* Task inputs *
++++++
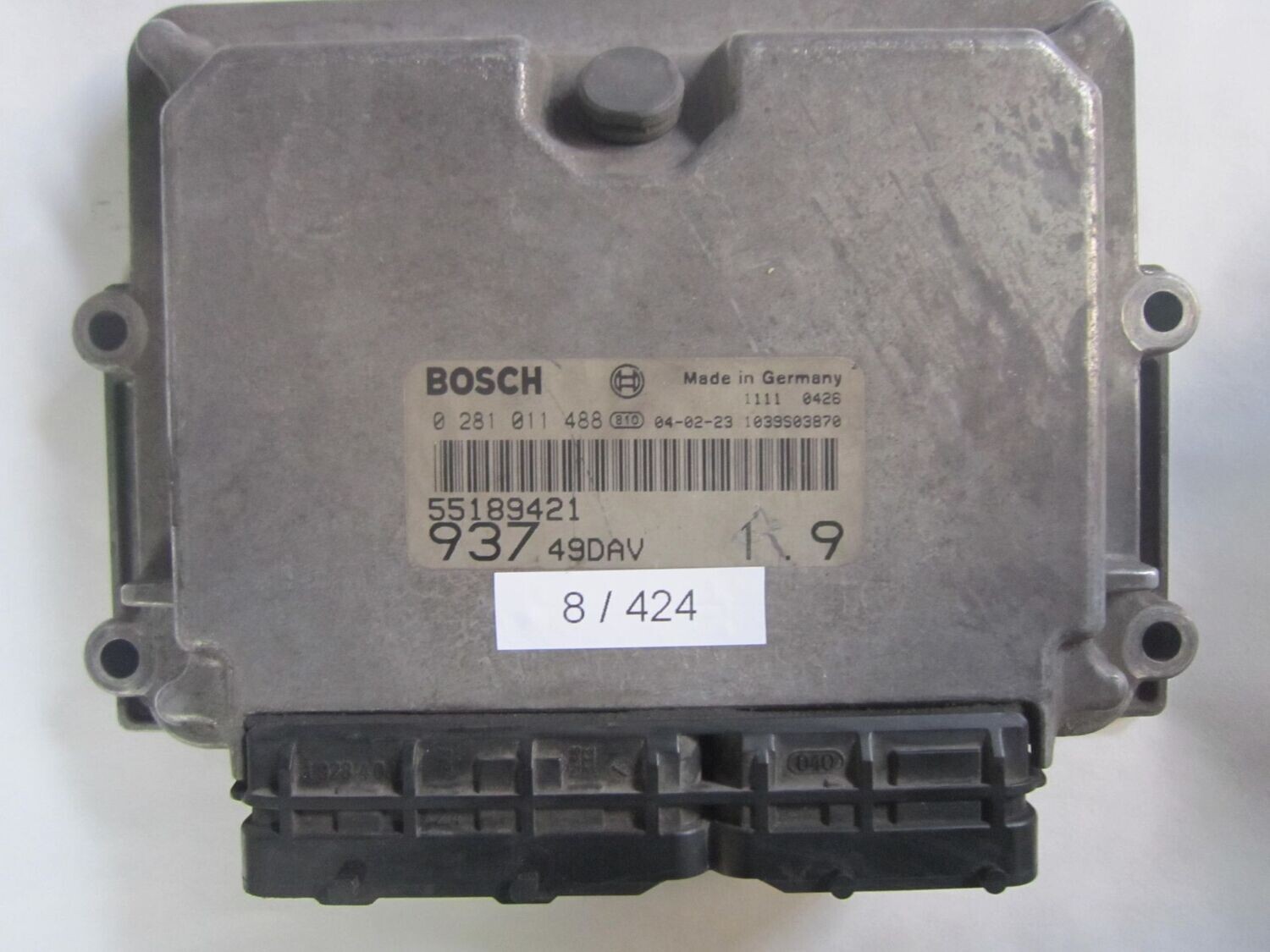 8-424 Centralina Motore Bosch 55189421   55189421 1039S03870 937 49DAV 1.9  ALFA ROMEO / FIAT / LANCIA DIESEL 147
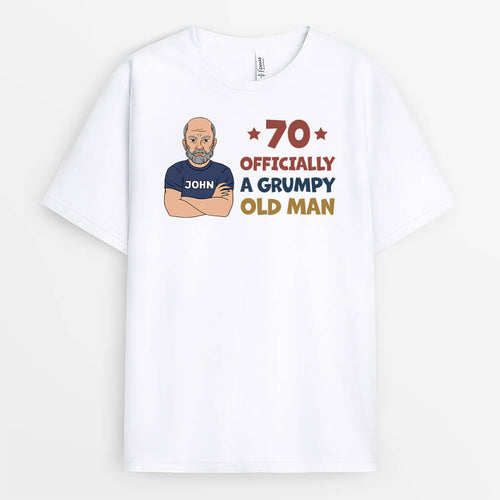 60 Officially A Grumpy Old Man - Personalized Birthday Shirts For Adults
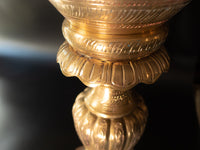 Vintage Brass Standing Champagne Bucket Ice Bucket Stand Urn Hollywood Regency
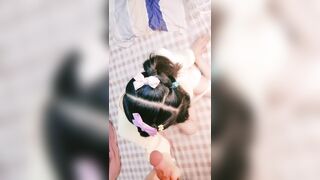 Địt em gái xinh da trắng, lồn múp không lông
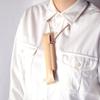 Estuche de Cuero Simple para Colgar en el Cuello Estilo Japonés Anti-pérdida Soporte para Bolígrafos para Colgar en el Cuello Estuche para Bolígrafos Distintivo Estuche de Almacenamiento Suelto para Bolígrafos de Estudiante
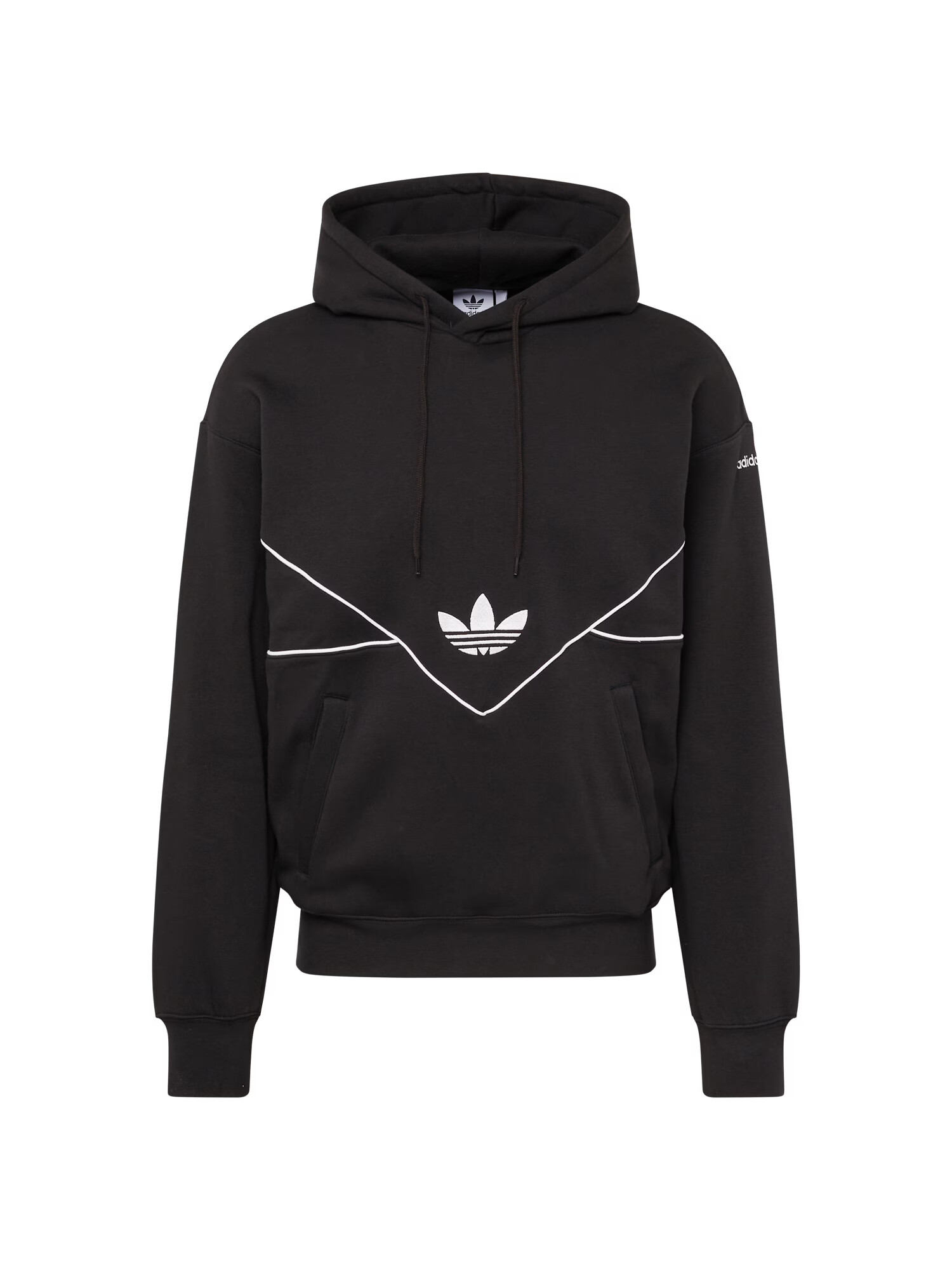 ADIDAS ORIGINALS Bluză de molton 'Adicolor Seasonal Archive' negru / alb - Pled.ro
++++++
* Exercise instructions *
Reproduce the whole listing exactly, but not the images in it.

* Exercise result *
 8-424 Centralina Motore Bosch 55189421   55189421 1039S03870 937 49DAV 1.9  ALFA ROMEO / FIAT / LANCIA DIESEL 147
 60 Officially A Grumpy Old Man - Personalized Birthday Shirts For Adults
 Vintage Brass Standing Champagne Bucket Ice Bucket Stand Urn Hollywood Regency
 Địt em gái xinh da trắng, lồn múp không lông
 Estuche de Cuero Simple para Colgar en el Cuello Estilo Japonés Anti-pérdida Soporte para Bolígrafos para Colgar en el Cuello Estuche para Bolígrafos Distintivo Estuche de Almacenamiento Suelto para Bolígrafos de Estudiante
 ADIDAS ORIGINALS Bluză de molton 'Adicolor Seasonal Archive' negru / alb - Pled.ro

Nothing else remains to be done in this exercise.